Many people think that bitachon (trust in Hashem) means; I'll pray to G-d then sit back and G-d will do the work for me.
That isn't bitachon...that is laziness. Bitachon means that one takes responsibility for one's life, and accepts Hashem's response as correct and healthy for them, whether or not on the face of it the response appears to be correct and healthy.
I know that often I have lacked faith in Hashem; things have gone "wrong" and try as we might things continued to go "wrong". I would become angry, did not want to pray, felt that life was horrific and we were abandoned by G-d.
And then I would let go...of the anger and the fear. Okay, this is the way Hashem wants it. Deep breath. Not getting paid for months at a time ended up with my being paid at just the moment that we needed to be paid. The fridge dying ended up at the perfect time for us to get a new fridge.

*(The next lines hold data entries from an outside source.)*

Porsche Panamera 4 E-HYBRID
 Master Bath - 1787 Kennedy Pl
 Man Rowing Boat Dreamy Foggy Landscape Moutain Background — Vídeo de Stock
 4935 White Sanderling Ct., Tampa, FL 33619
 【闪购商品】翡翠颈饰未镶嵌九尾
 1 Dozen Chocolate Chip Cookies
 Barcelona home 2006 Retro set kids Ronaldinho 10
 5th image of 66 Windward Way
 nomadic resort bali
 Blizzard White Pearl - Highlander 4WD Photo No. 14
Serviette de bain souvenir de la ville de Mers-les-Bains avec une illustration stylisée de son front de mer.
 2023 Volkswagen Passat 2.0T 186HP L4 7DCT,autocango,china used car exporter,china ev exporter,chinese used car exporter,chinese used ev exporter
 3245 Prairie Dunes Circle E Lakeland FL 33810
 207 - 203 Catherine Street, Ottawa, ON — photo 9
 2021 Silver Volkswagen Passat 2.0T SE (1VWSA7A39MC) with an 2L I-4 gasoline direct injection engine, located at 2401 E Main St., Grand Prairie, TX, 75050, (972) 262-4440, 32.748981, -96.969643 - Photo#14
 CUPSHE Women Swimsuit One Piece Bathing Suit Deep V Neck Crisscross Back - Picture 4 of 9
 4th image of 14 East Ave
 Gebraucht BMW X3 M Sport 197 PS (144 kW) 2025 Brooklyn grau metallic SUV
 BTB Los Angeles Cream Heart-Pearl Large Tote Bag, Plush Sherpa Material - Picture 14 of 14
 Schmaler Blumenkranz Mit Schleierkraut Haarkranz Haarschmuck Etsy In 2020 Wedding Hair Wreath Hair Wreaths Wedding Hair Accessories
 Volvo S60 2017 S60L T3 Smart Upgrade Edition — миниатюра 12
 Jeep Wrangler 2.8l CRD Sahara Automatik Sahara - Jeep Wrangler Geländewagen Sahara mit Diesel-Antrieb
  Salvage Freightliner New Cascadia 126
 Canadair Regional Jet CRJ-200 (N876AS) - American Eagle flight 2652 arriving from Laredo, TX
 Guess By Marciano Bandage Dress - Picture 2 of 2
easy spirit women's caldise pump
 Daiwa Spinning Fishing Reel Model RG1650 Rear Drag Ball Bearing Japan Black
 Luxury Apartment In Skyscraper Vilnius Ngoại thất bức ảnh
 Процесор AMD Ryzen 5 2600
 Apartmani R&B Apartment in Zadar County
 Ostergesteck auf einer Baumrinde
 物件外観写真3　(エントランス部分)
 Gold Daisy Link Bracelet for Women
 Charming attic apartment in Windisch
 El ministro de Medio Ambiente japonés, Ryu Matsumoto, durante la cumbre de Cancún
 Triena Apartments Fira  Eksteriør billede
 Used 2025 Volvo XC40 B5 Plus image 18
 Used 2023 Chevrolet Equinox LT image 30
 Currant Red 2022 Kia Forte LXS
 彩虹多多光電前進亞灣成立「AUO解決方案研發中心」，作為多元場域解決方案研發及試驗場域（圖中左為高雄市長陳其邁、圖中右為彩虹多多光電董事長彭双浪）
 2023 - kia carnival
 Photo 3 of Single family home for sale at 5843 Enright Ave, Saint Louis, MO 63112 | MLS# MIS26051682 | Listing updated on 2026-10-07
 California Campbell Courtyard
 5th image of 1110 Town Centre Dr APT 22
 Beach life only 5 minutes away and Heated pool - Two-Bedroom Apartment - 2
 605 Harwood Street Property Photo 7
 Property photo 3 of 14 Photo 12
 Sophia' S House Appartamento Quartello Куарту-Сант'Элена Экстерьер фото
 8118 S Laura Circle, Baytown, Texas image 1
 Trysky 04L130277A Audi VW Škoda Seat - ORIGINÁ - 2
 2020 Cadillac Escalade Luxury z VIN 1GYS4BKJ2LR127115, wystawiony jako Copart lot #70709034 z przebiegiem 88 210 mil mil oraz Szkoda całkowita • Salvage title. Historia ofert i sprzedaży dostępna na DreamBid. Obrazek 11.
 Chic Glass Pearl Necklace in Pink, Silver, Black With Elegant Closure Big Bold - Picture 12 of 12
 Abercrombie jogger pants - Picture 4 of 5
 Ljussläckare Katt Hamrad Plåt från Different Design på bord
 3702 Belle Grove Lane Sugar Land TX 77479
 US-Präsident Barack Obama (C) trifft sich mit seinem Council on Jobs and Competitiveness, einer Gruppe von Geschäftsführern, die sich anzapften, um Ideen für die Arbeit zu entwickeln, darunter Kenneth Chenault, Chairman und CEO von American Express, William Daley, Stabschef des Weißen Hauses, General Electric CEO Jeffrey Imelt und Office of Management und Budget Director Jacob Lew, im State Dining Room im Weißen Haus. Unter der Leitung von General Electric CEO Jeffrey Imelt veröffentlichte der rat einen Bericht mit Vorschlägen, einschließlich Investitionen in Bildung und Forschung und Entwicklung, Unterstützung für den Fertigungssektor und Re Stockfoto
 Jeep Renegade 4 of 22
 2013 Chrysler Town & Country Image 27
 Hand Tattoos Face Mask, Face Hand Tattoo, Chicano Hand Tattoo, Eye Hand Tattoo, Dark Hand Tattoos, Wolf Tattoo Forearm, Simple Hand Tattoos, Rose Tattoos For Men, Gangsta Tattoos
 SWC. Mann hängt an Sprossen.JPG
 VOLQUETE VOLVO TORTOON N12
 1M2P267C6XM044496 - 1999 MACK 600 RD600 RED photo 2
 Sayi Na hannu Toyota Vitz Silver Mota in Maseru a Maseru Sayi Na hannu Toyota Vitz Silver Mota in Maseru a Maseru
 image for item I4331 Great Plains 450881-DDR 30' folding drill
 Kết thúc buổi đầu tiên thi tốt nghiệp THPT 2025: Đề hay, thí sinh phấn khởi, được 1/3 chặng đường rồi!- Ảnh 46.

I trust Hashem. That is where I put my faith. I do not put my faith in the governments or in any political party or leader. I trust Hashem. That doesn't mean I lie back and wait for it. I'm in a partnership here.
I work. I put my nose to the grindstone. I heave and ho and I struggle.
But what I mean by bitachon is I give up the fear and the anger and the worry and the concern...and trust that what is happening is for my good no matter how bleak it appears at the moment.
Bitachon is not a work free life; it is not a life free of thought or consideration. It is a life free of fear.